Протерев запотевшие очки, Павел разглядел собравшихся на спевку. Перед ним, кто с тетрадными листками в руках, кто навытяжку, качаясь с пятки на носок, стояло человек десять: старики, женщины, подростки и, видимо, тот самый Шурик, выросший из коляски. Шурик держался за брюки мужчины, что в первый день едва не расшиб Павлу плечо на ходу. Павел назвался, протянул руку. Тот пожал, буркнув: «Митрюхин». Женщины смотрели на Павла с любопытством.

По знаку Иосифа хористы запели в унисон «Богородице Дево, радуйся». Шурик открывал рот, выглядывая из-за штанин отца, рассматривая Павла, отошедшего в угол комнаты, откуда видны были и хористы, и регент. Иосиф кивнул Асе, и она низким-низким голосом загудела мелодию, как бэк-вокал. Звук пробирал тело насквозь, будто сам Павел стал колоколом. Он сел на парту, сдвинутую к стене. Напротив на доске были написаны ноты с крючками, похожими на математические корни.

– Братья! Братья. И сестры. Вы так пчел отца Кирилла до срока поднимете.

Хор отвечал Иосифу дружным смехом, точно этой шутки ждали, чтобы снять возникшее при чужаке напряжение.

– Исон может быть только один, его нам Ася поет. Кому не слышно, подойдите ближе. Прямо ухом над ней разместитесь и гудите с усердием.

Застучали половицы, хор зашевелился, перемешался.
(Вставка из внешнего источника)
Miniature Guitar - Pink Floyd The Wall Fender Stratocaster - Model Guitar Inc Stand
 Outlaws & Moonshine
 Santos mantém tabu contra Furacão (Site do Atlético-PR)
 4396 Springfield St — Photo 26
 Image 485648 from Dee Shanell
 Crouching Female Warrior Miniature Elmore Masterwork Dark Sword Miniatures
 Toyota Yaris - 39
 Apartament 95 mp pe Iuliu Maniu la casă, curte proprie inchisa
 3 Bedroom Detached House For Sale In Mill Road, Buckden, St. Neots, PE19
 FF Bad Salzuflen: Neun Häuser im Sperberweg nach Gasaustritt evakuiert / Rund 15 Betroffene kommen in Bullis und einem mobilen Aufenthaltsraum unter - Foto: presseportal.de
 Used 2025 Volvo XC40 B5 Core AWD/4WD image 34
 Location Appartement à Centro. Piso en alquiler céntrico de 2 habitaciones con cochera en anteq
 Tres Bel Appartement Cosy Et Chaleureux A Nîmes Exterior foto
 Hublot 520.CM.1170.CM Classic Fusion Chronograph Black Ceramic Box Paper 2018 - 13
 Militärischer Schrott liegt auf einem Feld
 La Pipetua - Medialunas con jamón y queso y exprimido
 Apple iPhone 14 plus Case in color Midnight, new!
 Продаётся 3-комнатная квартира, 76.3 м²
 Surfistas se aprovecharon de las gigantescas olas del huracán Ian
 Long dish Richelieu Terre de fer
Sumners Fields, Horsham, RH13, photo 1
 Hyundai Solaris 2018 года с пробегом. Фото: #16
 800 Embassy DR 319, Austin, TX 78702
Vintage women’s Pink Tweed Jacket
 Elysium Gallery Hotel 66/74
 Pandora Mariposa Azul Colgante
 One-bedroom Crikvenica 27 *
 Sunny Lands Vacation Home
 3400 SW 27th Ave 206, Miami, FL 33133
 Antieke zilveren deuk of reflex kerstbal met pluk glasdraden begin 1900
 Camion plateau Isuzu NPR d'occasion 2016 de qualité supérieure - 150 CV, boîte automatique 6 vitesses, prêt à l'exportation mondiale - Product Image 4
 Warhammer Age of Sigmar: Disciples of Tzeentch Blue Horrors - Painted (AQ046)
К Асе пристроились старуха, певшая совсем не в лад, и бритый наголо пацан. Он таскал из кармана семечки, сбрасывая шелуху за радиатор. На вид лет шестнадцать, держится особняком, футболка застиранная, на кроссовках коричневые проплешины. Павел смотрел на него долго. Пацан все больше казался похожим на портрет, который баба Зоя ставила на новогодний стол, приговаривая: «Ну вот и Петя с нами встречает». Нос у этого поменьше, да, но тоже крупный, жаль, волосы не разберешь – курчавые или нет. Впрочем, если он пошел в мать? «Мать…» Павел будто снова читал то письмо, где о ней, жене Пети, ничего, кроме троеточия.

Начало апреля в этом году выдалось теплым, снег в Москве сошел за несколько дождливых ночей. Забрав наконец со спецстоянки «Победу», Павел заехал в гараж и сидел за рулем, не закрыв ворота, не зная, что же теперь. Впервые в жизни он остался не у дел. В квартире на Покровке его ждала только немытая посуда в раковине. Баба Зоя такого бы не потерпела, но вот уже три месяца, как ее не стало. А машина все еще пахла лаком…

Вспомнил, как на Старый Новый год он мчался к бабушке в больницу: пусть из окна хотя бы поглядит на восстановленную семейную «Победу». Павел сюрпризов не любил, но баба Зоя – чудачка, могла и встряхнуться. Впрочем, врач сказал, что надежды нет: «Второй инсульт в таком возрасте, хорошо, если успеете попрощаться».

Было скользко, Павел ехал быстро, но не превышал. Встречные машины притормаживали, соседние пропускали. Еще бы, такое ретро. На светофоре Павел еще раз подергал бардачок: нет, без ключа не открыть. Поднял голову: зеленый – тронулся. Наперерез машине мелькнула черная куртка, раскатились по дороге не то яблоки, не то помидоры.

В участке потом сказали, что гражданка на месте умерла. Алкоголичка, психопатка – не первый раз под машину кидалась у этого светофора, «твоя, видать, “Победа” понравилась». Тем вечером умерла баба Зоя, так и не дождавшись внука. Позвонили.